Join us on Telegram for the latest market news and updates

Price-to-Earnings (P/E) Ratio

  • Marisha Bhatt
  • Nov 16 2021
  • 7 minutes
Share on

Investment in stock markets requires detailed analysis on fundamental and technical levels. Technical analysis requires in-depth knowledge and reading of various charts and other aspects like pie diagrams, candlesticks, etc. Fundamental analysis on the other hand is studying and analyzing the various ratios based on the financial statements of the company, in addition to the industry and the general economic prospects. One of the many common ratios analyzed by investors is the PE ratio.

Let us understand the meaning and various details related to the PE ratio in this article.

What is PE Ratio?

PE Ratio is the relationship between the earnings per share (EPS) and the current stock price of the company. PE ratio is used as a measure of the performance of the company in comparison to its peers or in comparison to the industry average. In simple terms, it is the price that the market is willing to pay for the stock. PE ratio is therefore a direct reflection of the growth and progress of the company. If the earnings of the company are increasing on a constant basis, it will reflect in the PE ratio of the company too. 

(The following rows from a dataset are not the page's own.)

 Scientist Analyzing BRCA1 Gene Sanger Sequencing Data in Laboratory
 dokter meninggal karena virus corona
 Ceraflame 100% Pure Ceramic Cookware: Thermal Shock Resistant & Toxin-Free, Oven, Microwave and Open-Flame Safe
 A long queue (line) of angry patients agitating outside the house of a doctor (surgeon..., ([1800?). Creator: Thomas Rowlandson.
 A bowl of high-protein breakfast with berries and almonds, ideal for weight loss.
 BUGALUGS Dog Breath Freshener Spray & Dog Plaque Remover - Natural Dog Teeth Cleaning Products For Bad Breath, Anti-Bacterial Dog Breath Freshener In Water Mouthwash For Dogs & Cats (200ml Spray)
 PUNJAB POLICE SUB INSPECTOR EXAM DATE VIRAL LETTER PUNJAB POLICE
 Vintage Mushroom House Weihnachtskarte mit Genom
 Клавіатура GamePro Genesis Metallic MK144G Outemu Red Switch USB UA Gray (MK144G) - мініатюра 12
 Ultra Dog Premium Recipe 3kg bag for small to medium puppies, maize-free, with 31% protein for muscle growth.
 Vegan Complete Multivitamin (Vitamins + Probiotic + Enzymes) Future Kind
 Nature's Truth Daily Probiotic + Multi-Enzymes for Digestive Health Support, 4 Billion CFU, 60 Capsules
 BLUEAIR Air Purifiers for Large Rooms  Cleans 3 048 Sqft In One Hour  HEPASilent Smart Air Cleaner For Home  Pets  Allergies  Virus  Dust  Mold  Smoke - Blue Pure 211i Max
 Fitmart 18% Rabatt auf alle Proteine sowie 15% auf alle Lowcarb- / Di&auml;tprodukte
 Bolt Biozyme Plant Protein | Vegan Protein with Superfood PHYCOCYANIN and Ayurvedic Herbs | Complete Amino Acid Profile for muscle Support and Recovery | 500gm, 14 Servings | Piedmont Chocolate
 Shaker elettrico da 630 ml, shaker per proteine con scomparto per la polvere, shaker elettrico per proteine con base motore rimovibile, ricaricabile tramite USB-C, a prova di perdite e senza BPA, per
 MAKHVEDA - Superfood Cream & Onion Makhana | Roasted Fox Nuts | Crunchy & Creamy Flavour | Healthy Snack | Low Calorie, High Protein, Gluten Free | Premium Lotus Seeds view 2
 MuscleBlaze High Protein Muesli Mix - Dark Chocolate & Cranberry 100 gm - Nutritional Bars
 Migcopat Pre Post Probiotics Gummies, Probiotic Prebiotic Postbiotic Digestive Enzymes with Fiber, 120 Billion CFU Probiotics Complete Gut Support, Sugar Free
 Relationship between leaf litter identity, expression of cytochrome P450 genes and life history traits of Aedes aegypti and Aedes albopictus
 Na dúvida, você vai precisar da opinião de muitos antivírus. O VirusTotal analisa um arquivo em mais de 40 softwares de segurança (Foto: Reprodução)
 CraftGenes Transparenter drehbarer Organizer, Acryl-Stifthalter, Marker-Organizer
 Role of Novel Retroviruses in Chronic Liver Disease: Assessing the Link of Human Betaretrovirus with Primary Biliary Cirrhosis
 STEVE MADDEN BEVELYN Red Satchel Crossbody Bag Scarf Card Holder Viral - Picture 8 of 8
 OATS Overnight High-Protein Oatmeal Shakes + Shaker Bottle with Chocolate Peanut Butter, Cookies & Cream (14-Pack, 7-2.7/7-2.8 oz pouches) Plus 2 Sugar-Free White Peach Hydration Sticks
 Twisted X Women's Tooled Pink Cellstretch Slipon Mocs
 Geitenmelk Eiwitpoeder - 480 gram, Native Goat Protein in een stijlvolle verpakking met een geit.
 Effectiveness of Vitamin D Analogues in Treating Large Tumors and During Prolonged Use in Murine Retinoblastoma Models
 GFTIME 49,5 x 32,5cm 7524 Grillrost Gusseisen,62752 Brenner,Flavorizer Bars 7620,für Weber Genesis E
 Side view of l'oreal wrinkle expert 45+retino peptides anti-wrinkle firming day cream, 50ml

What is the formula for calculating the PE ratio?

We have discussed the meaning of the PE ratio above, now let us see the formula for calculating the PE ratio.

PE ratio is calculated based on the earnings per share and the current market price of a stock. 

The formula for calculating the PE ratio is given below.

PE ratio = MPS/ EPS


  • MPS is the Market Price Per Share
  • EPS is the Earnings Per Share

The market price per share is the current market price at which the share is traded in the market. 

The earnings per share are usually calculated for the past twelve months after considering the total outstanding shares of the company. If the company has many types of ordinary shares for different periods and of different face values, the EPS will be considered using the weighted average. 

Let us consider the following example to understand the calculation of the PE ratio of any company.

Company A has shares traded at the market price of Rs. 200. The EPS of the shares of Company A is 40. The PE ratio in such a case is calculated below. 

PE ratio = 200/40

PE ratio = 5

In the above example, the PE ratio of 5 indicates that the market price of the company is 5 times the earnings of the company.  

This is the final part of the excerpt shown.